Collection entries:
━━━━━━━━━━━━━━━━━━━━━━━━━━━━━━
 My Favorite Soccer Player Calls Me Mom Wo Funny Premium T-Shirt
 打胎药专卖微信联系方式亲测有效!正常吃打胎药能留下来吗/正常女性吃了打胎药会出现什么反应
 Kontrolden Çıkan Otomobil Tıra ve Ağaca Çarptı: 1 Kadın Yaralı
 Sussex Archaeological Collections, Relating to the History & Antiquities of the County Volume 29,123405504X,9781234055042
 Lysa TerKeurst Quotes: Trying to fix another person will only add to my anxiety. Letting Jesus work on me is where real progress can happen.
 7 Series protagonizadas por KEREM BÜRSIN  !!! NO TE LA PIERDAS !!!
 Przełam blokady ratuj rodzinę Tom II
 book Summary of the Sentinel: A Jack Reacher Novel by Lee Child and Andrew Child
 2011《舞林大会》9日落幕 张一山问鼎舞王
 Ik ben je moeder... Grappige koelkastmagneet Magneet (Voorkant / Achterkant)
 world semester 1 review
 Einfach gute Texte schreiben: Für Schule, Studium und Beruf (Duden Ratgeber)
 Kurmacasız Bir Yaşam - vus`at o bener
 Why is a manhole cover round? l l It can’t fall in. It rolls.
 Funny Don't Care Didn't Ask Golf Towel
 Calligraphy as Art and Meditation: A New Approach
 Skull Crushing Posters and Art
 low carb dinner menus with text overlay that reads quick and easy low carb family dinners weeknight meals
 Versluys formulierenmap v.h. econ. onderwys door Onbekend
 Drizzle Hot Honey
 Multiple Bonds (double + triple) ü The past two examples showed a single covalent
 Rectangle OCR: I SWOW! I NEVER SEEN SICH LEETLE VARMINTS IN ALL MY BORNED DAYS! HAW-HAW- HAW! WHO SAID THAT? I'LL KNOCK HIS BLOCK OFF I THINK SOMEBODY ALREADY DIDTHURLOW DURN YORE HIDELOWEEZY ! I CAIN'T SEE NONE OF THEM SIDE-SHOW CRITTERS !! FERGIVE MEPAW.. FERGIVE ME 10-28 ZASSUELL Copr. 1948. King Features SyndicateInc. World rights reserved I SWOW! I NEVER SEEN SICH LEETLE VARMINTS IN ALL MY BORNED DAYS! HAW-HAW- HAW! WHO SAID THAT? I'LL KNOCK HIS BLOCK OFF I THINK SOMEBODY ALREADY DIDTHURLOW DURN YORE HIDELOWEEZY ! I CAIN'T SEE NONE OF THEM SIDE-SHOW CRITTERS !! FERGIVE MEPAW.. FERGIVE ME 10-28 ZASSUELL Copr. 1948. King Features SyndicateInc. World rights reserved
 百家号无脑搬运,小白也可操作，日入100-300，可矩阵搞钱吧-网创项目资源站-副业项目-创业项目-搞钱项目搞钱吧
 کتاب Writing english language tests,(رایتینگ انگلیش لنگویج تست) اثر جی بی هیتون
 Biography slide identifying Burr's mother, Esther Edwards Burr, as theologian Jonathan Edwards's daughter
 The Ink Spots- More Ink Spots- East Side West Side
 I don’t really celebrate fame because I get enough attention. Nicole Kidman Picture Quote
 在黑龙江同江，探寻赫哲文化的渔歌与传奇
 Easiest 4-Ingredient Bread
━━━━━━━━━━━━━━━━━━━━━━━━━━━━━━
"Funny" is the string to look for; please copy every line of the records above where it appears.

#### [Answer to this problem]
 My Favorite Soccer Player Calls Me Mom Wo Funny Premium T-Shirt
 Funny Don't Care Didn't Ask Golf Towel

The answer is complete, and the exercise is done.